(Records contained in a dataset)
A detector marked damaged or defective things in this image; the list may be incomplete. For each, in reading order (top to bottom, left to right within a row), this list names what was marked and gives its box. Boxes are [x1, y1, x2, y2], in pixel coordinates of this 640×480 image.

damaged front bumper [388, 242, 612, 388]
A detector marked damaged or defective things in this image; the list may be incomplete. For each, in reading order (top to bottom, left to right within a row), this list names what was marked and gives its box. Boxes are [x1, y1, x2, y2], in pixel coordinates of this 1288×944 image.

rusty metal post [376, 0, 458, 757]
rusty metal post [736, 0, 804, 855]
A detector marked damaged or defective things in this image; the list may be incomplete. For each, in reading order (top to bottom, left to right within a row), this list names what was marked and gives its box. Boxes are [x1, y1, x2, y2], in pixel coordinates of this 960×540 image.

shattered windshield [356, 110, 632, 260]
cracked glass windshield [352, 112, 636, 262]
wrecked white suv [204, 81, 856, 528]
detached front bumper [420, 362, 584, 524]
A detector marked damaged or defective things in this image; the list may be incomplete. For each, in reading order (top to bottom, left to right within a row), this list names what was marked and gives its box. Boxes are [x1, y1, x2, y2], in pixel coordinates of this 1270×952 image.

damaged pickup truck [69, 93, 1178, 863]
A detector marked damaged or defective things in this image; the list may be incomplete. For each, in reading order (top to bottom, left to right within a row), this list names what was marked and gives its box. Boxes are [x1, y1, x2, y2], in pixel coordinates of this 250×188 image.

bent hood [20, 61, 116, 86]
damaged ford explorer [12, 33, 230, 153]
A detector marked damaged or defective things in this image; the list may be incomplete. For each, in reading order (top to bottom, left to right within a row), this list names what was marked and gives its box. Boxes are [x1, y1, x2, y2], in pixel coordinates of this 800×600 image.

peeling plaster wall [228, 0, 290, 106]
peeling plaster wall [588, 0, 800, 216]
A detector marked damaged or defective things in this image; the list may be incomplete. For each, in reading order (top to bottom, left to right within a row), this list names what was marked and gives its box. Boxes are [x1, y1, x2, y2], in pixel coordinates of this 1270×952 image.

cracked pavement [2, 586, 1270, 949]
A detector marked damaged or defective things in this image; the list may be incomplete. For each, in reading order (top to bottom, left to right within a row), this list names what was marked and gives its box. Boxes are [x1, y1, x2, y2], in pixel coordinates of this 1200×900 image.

Exercise. Set the lines down exactly as they stand, beginning at the one that contains "this 250×188 image." and stopping after the last line of the entries above.

Reply to the exercise.
A detector marked damaged or defective things in this image; the list may be incomplete. For each, in reading order (top to bottom, left to right within a row), this list names what was marked and gives its box. Boxes are [x1, y1, x2, y2], in pixel coordinates of this 250×188 image.

bent hood [20, 61, 116, 86]
damaged ford explorer [12, 33, 230, 153]
A detector marked damaged or defective things in this image; the list may be incomplete. For each, in reading order (top to bottom, left to right within a row), this list names what was marked and gives its box. Boxes are [x1, y1, x2, y2], in pixel coordinates of this 800×600 image.

peeling plaster wall [228, 0, 290, 106]
peeling plaster wall [588, 0, 800, 216]
A detector marked damaged or defective things in this image; the list may be incomplete. For each, in reading order (top to bottom, left to right within a row), this list names what was marked and gives its box. Boxes are [x1, y1, x2, y2], in pixel coordinates of this 1270×952 image.

cracked pavement [2, 586, 1270, 949]
A detector marked damaged or defective things in this image; the list may be incomplete. For each, in reading order (top to bottom, left to right within a row), this list names what was marked and gives its box. Boxes are [x1, y1, x2, y2], in pixel coordinates of this 1200×900 image.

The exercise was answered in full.